# My 4H kids with ABT's



## scarbelly (Oct 31, 2009)

Here is a shot of the 4H kids we teach an advanced cooking class - last week was a Mexican theme. We taught them how to use a BBQ as a smoker with the foil packets to smoke some ABT's. We get them for 3 hours and cook everything from scratch 

This one is all of them showing off their 7 layer dip



Here are the ABT's


Here are the Enchiladas



Here is the Albondigas


And here is the Pico and Guac


----------



## chisoxjim (Oct 31, 2009)

really nice looking food y'all turned out.


----------



## waysideranch (Oct 31, 2009)

Awesome...................................


----------



## chefrob (Oct 31, 2009)

looks good!!!!!!!!!!


----------



## alx (Oct 31, 2009)

Scarbelly AWESOME!!!

I would love to have the time to do this.This is more of an suburban area and the kids like to go around telling folk about polar bears in alaska dying-while the chesapeake bay dies-KUDOS for what you are doing!!!!!!!!!


----------



## beer-b-q (Nov 1, 2009)

Looks Great, The next Iron Chefs...


----------



## scarbelly (Nov 1, 2009)

We set up a program where we run one class a month for 3 hours at a time.
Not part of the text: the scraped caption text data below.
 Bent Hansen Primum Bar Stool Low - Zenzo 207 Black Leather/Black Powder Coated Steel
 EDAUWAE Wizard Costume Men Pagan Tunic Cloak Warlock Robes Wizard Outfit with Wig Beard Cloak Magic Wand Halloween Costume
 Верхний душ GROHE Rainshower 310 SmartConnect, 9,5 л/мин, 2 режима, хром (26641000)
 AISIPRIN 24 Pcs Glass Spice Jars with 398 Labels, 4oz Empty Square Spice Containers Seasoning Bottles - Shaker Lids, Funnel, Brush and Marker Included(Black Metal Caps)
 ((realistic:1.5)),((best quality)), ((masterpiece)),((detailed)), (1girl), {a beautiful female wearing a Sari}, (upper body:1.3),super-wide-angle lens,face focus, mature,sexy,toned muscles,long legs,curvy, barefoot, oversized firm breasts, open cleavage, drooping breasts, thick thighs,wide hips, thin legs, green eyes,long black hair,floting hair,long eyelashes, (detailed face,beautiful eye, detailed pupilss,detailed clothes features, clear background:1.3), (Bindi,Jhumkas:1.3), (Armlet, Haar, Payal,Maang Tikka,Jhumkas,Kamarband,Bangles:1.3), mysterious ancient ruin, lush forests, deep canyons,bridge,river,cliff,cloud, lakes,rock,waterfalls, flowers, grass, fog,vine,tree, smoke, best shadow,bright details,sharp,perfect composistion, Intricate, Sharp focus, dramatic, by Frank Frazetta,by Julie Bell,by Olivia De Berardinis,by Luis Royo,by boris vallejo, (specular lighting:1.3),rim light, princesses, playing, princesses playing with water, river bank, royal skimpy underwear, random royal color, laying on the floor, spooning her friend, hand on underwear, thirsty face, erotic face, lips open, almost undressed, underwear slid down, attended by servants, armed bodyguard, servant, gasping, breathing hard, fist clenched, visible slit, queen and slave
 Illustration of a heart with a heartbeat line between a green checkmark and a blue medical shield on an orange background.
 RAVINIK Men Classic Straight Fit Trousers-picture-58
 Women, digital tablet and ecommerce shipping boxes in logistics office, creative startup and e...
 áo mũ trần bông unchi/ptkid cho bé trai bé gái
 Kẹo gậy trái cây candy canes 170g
The 4H folks have no formal program - I have talked with the folks at HQ and am shocked. We just wing it with them - tell us what you want to cook and it is so fun - this is our 6th year and it just gets better.


----------



## cowgirl (Nov 1, 2009)

Looks fantastic!  Hat's off to the talented kids too.


----------



## the dude abides (Nov 1, 2009)

Looks great.  I'll have what they're having.  Kudos to you for working with the kids and teaching them a thing or two about smoking!


----------



## rw willy (Nov 1, 2009)

Thanks for your time.  You are doing more for those kids then you can imagine.
And the food looks great.  I showed my Scout Troop  ABT's last winter.  The kids loved'em and still tell the story of how they ate a ton of HOT peppers.
Good fun.


----------



## randocammando (Nov 11, 2009)

Great work


----------



## fatback joe (Nov 11, 2009)

Very cool.


----------



## mballi3011 (Nov 12, 2009)

The food looks awesome for sure from those kids. Now that is a good thing for the kids to learn.


----------